[Data listing — start]

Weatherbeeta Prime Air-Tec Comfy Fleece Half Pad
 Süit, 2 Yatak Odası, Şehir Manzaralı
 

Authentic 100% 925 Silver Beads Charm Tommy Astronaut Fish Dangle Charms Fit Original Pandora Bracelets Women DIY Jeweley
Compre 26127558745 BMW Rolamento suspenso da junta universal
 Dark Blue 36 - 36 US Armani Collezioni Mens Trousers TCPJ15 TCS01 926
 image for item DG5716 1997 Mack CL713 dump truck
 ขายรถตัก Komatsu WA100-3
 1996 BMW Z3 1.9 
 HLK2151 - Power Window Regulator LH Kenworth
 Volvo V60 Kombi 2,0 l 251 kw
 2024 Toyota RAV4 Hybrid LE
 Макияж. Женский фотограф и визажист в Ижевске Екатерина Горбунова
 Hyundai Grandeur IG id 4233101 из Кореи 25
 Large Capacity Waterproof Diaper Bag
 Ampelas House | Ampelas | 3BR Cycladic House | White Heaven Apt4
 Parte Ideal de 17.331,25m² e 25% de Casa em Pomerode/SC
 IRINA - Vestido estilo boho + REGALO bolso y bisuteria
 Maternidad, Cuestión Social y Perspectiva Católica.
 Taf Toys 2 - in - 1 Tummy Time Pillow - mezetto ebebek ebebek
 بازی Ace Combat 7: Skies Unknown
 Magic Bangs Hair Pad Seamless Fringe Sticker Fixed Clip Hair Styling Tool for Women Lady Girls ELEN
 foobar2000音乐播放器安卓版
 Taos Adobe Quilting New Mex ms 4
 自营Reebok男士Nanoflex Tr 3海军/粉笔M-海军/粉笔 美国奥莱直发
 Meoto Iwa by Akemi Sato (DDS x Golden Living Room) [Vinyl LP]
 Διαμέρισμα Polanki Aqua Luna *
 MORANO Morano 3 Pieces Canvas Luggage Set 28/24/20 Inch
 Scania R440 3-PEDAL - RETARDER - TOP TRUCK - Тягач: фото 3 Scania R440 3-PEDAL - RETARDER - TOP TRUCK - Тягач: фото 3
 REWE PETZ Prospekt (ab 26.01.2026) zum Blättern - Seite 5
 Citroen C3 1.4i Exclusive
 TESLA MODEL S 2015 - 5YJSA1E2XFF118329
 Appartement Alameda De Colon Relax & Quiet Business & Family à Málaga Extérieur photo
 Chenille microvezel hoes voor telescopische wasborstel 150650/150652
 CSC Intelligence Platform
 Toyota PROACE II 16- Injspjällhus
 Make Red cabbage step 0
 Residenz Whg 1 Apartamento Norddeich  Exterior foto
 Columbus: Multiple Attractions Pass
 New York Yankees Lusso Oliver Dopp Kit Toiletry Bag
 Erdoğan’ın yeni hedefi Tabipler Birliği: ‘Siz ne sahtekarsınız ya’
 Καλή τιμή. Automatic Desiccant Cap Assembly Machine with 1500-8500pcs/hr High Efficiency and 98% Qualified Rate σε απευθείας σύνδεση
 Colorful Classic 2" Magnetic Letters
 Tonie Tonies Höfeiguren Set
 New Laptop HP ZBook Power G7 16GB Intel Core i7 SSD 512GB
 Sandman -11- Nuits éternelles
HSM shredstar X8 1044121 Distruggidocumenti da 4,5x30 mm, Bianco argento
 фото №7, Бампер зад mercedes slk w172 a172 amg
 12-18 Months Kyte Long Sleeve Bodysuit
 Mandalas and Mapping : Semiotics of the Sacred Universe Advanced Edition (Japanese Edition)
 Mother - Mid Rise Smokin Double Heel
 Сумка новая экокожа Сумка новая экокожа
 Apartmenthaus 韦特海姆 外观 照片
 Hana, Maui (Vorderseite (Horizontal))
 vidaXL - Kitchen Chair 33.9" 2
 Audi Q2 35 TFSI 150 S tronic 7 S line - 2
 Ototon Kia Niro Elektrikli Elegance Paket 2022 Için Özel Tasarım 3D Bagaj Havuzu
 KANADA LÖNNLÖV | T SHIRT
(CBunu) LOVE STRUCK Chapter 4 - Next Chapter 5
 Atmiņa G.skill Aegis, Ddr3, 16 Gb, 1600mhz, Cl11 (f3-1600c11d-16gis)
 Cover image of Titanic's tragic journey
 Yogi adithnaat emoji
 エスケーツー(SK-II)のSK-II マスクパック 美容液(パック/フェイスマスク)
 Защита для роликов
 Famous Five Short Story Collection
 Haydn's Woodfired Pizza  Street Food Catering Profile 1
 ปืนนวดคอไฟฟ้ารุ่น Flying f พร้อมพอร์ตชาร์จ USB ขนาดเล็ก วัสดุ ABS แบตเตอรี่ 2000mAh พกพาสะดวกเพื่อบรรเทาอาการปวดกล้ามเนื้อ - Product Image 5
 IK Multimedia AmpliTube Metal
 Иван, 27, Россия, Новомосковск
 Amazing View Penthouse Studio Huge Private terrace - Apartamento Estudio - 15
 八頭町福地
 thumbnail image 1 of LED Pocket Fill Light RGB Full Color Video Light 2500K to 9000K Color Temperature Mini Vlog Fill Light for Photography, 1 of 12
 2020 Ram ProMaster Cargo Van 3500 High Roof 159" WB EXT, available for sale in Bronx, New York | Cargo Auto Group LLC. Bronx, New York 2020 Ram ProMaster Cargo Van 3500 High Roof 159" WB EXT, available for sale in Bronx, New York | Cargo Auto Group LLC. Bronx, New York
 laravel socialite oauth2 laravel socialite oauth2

[Data listing — finish]

§ **What to do**
If a line comes after the one with "Compre 26127558745 BMW", leave it out; reproduce exactly every line of the material from the first up to and including that one.

§ **Output of the task**
Weatherbeeta Prime Air-Tec Comfy Fleece Half Pad
 Süit, 2 Yatak Odası, Şehir Manzaralı
 

Authentic 100% 925 Silver Beads Charm Tommy Astronaut Fish Dangle Charms Fit Original Pandora Bracelets Women DIY Jeweley
Compre 26127558745 BMW Rolamento suspenso da junta universal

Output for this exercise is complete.